Dann dient das Propolis der Unschädlichmachung des Leichnahms.

Die Bienen ummanteln den Kadaver vollständig. -Dies war schon den alten Ägyptern Vorbild und Propolis wurde auch zur Mumifizierung mit eingesetzt!

 

Das Bienenkittharz/Propolis findet auch gerne in der Naturheilkunde Anwendung.

Darüber zu informieren obliegt aber nach der Gesetzgebung nur Apothekern u. Ärzten.

Da das Internet aber auch viele Informationen auf Ihre Fragen frei geben kann, empfehle ich hierzu eine Recherche !

 

Gelee Royale -Der Stoff, der Königinnen macht.

 

Dieser königliche Futtersaft hat nichts mit Honig zu tun. Er wird von den Ammenbienen produziert um in den ersten 3 Tagen die neue Bienenbrut zu füttern. Danach bekommen die gewöhnlichen Bienenmaden nur noch Pollen u. Honig.

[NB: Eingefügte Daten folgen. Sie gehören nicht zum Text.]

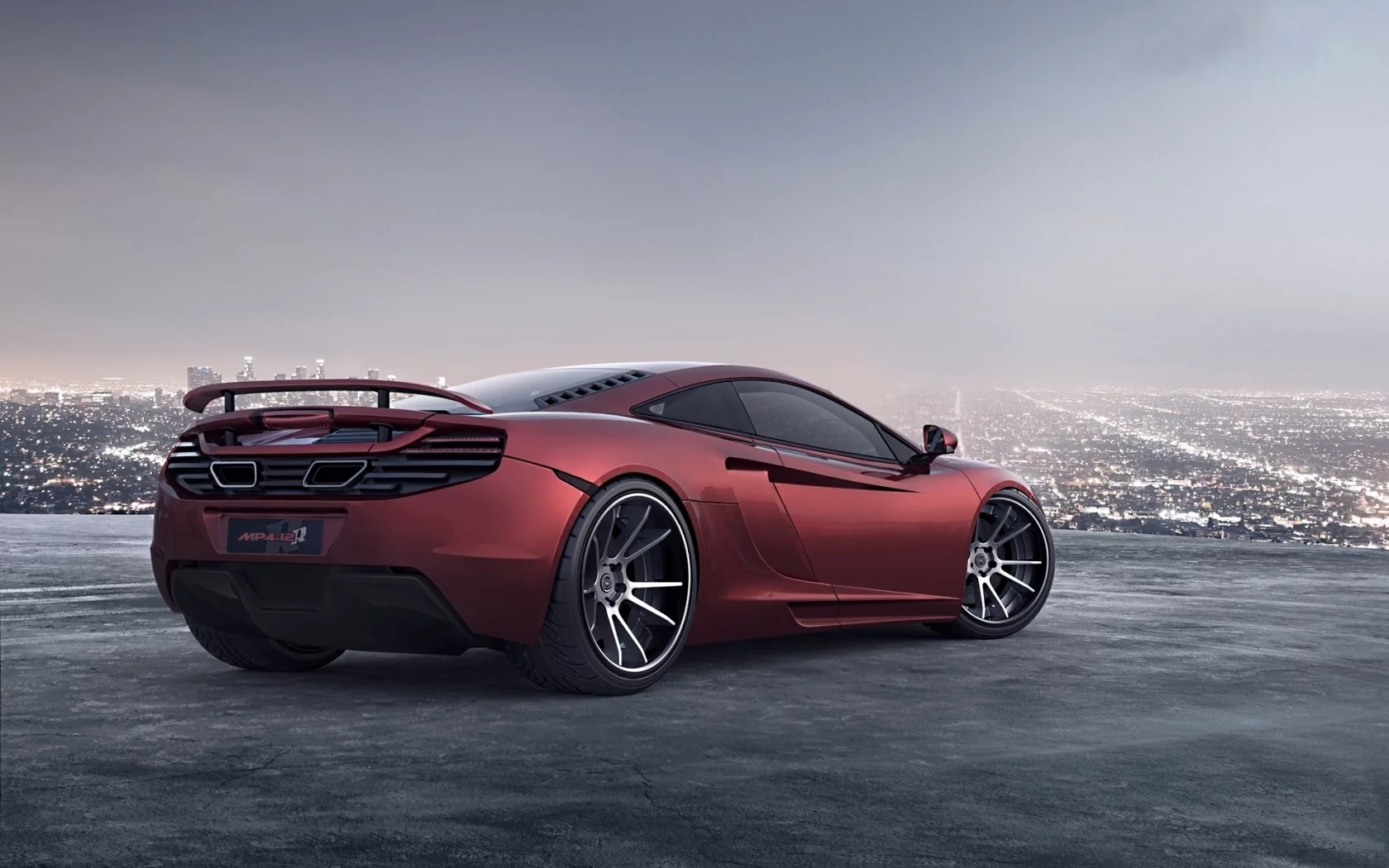 макларен, red, красный, mp4-12c, суперкар, горизонт, Mclaren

Soll aus einem Ei eine neue Königin werden, gehen die Ammenbienen anders vor: 

Anstatt einer sechseckigen Brutzelle werden sog. Näpfchenzellen gebaut. Diese sind viel größer und haben eine eher zapfenförmige Form.

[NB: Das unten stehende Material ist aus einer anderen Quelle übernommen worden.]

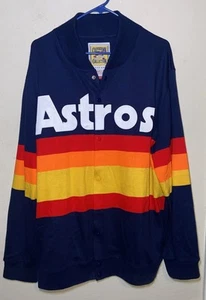 Houston Astros Jacket MLB Mitchell & Ness 1986 Rainbow Sweater Men 2XL Baseball - Picture 1 of 17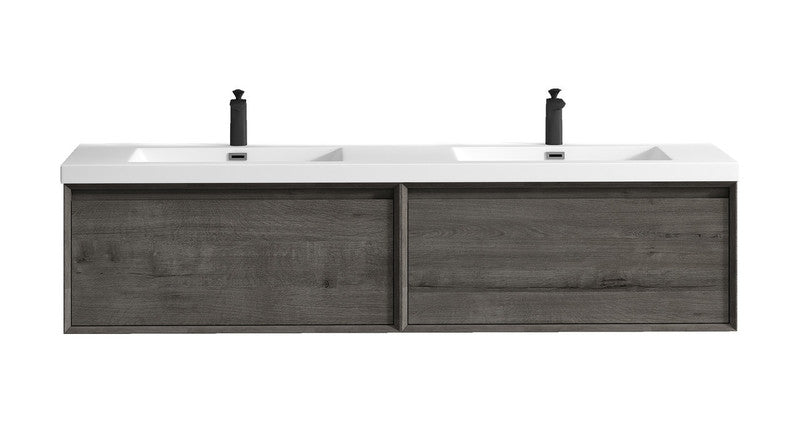 Bella 72" Wall Mounted Bathroom Vanity with Reinforced Acrylic Integrated Sink Top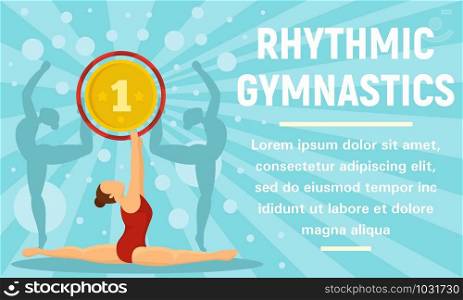 Rhythmic gymnastics gold medal concept banner. Flat illustration of rhythmic gymnastics gold medal vector concept banner for web design. Rhythmic gymnastics gold medal concept banner, flat style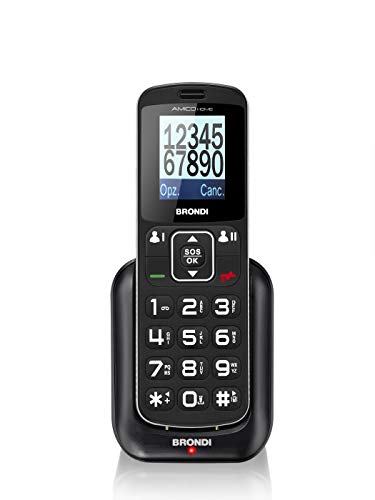 Brondi Amico Home GSM Senioren-Handy mit großen Tasten, SOS-Taste und Fernbedienung, Dual-SIM, hohe Lautstärke von Brondi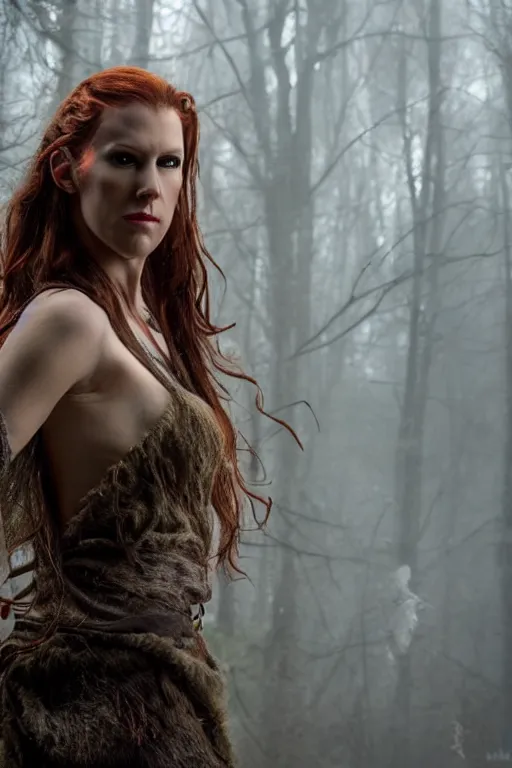 Prompt: Marisha Ray is a half-elven druid, realistic cinematic shot, swirling nature magic, subtle fog and mood lighting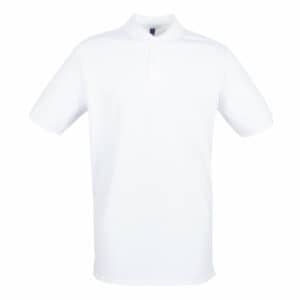 Front view of a Henbury micro-fine promotional polo shirts in white on a white background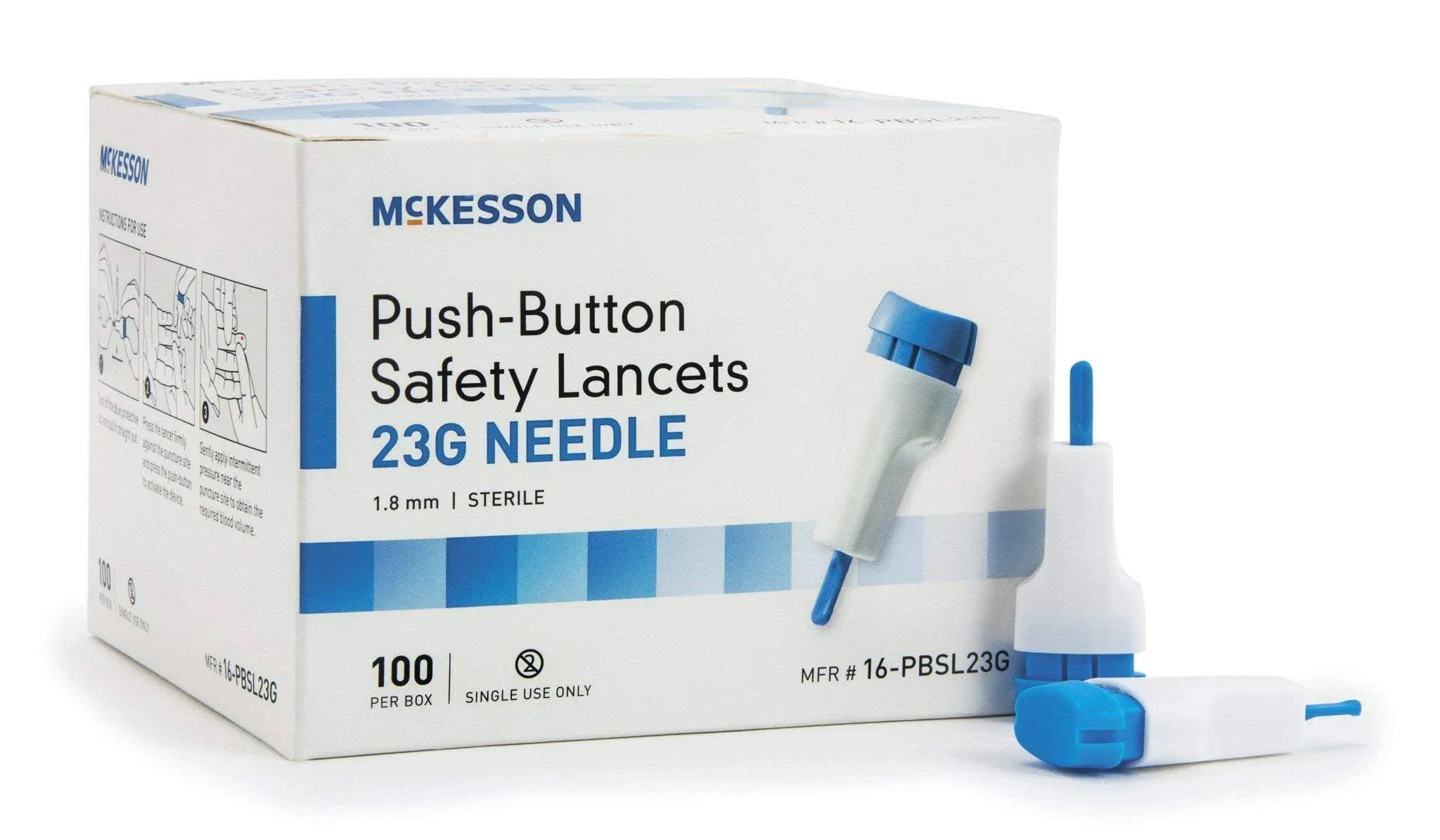 McKesson Lancet, Push-Button Safety, Blue, Depth Settings - 1.8 Mm Depth, 100per Box, 12 Oz 23 G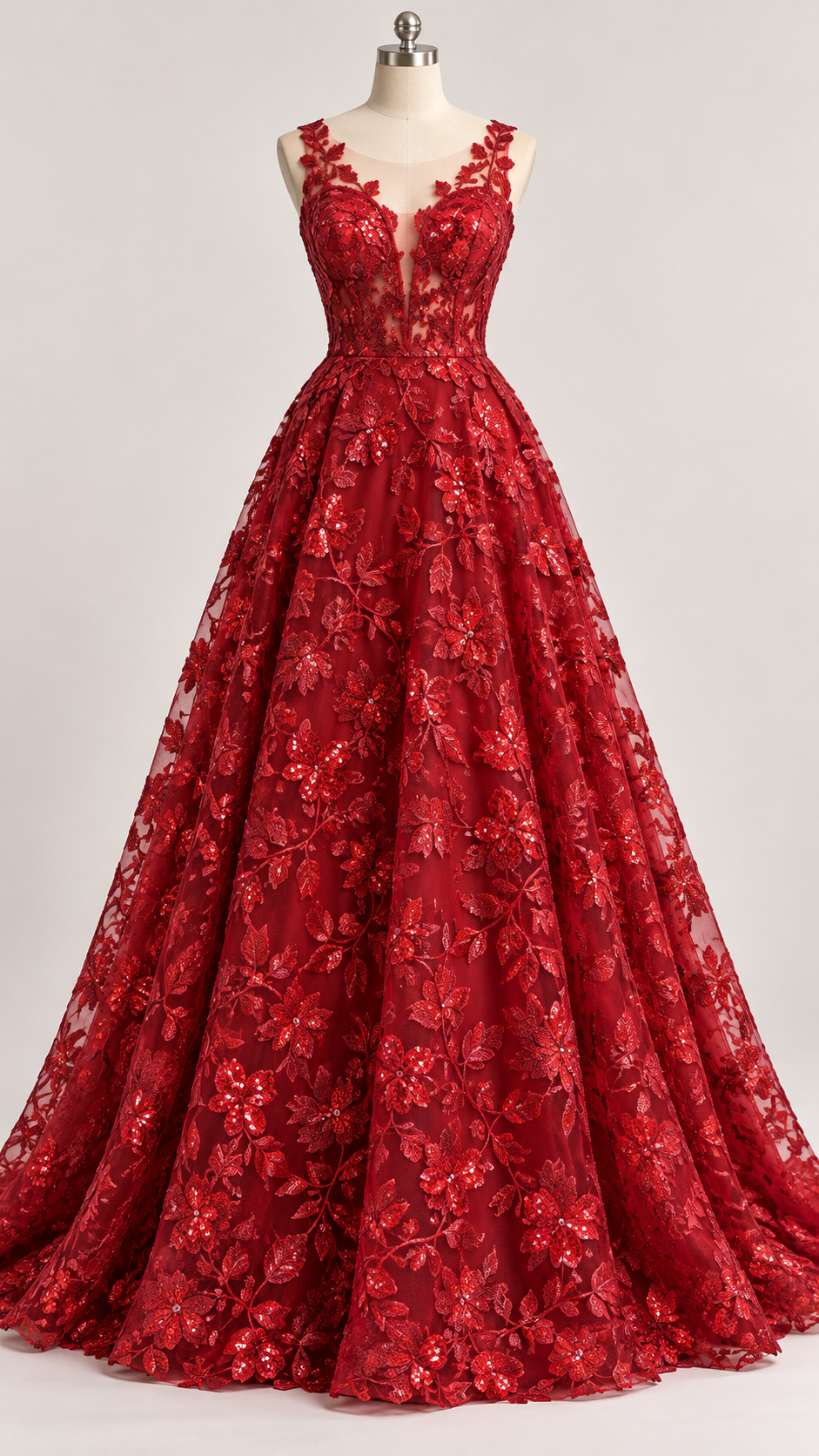 Tul Bordado Diseño Floral Con Lentejuela Color Vino -HH195 — Palacio Glamour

In diese legt die alte Königin ein Ei, welches anschließend mit Gelee Royale aufgefüllt wird ( Die Made schwimmt geradezu in dem königlichen Saft). 

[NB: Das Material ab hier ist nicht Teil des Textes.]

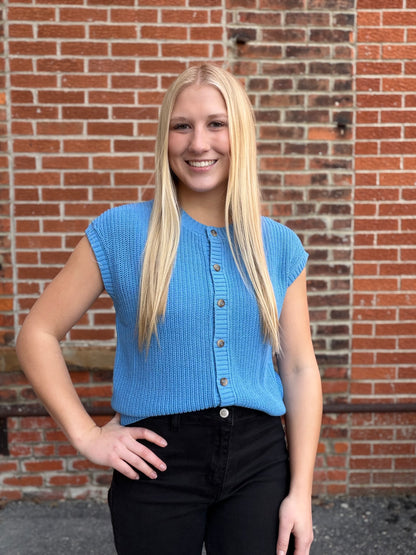 The Avis Short Sleeve Blue Knit Button Vest Top
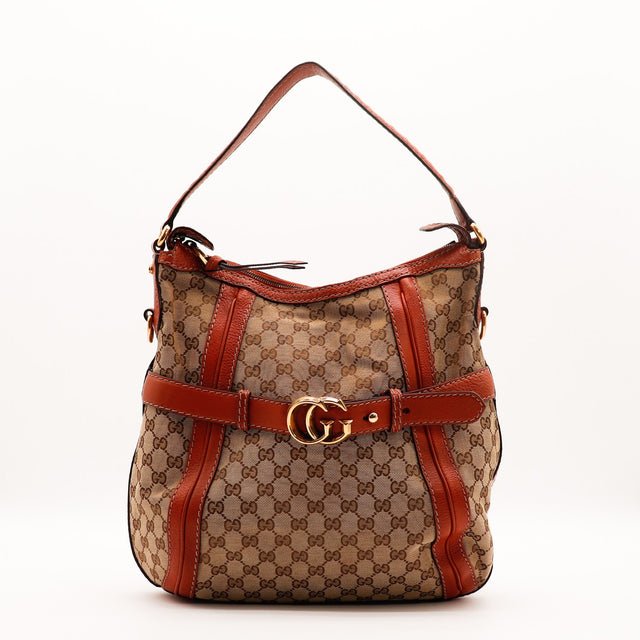Sac Gucci Hobo toile monogrammée beige vue de face occasion authentique — AMANA Vintage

Auch wenn die fertige Königin schlüpft, bekommt sie als Einzigste ausschließlich Gellee Royale als Futter,und das ein Leben lang!

Allein dieses Futter bestimmt, ob aus einer Made eine Arbeiterin oder Königin wird.

Die Lebenserwartung einer gewöhnlichen Biene liegt je nach Jahreszeit bei ca.30 Tagen bis mehreren Monaten. Dagegen kann eine Königin an die 7 Jahre alt werden und legt während dieser Zeit hunderttausende von Eiern.

Deshalb spricht man diesem Stoff auch in der Naturheilkunde und der Kosmetikindustrie besondere Eigenschaften zu.

Bei näherem Interesse bitte selber Recherchieren!

 

Will der Imker für den Menschen Gelee Royale ernten, so muss er eine Näpfchenzelle(Königinnenzelle) aufbrechen und mit einer Pipette die wenigen Milliliter Gelee Royale entnehmen. Diese werden zur Haltbarmachung tiefgefroren.

Es kann nur wenig geerntet werde. Das macht den hohen Marktpreis aus.

 

Blütenpollen

 

Das ist der Proteinspender für Bienen und viele andere Insekten.

Die Sammelbienen sammeln den Blütenstaub in ihren Pollentaschen an den Hinterbeinen.

Sind diese gefüllt, werden diese im Bienenstock als Vorrat in Pollenwaben umgepackt.

Pollen dienen zur Aufzucht der Brut, sind aber auch für die tgl. Nahrung der Bienen notwendig. 

Der Blütenpollen gibt den Bienen Power u. Zusatzstoffe,welche diese brauchen um ihre enorme Arbeitsleistung bewältigen zu können.

 

Pollen werden als Nahrungsergänzungsmittel gerne von Sportlern zur Leistungssteigerung eingenommen. Aber auch bei Schwächezuständen und weiteren Indikationen werden sie geschätzt.

(Verweis auch hier auf eine eigene Recherche).

 

Will der Imker Pollen ernten, montiert er ein Pollensieb vor dem Eingangsloch des Bienenstocks.

Alle Bienen müssen sich hier hindurchquetschen.

Das ist so eng, dass sich dabei der Inhalt der  Pollentaschen an den Beinen von selbst entleert.

Die Pollenpakete fallen in ein Sammelfach. Abends entnimmt der Imker diese um sie direkt zu verzehren oder zur längeren Haltbarmachung zu trocknen.

 

Die Pollengewinnung ist nur über kurze Zeit im Jahr möglich, da das Bienenvolk sonst zu stark geschwächt werden würde.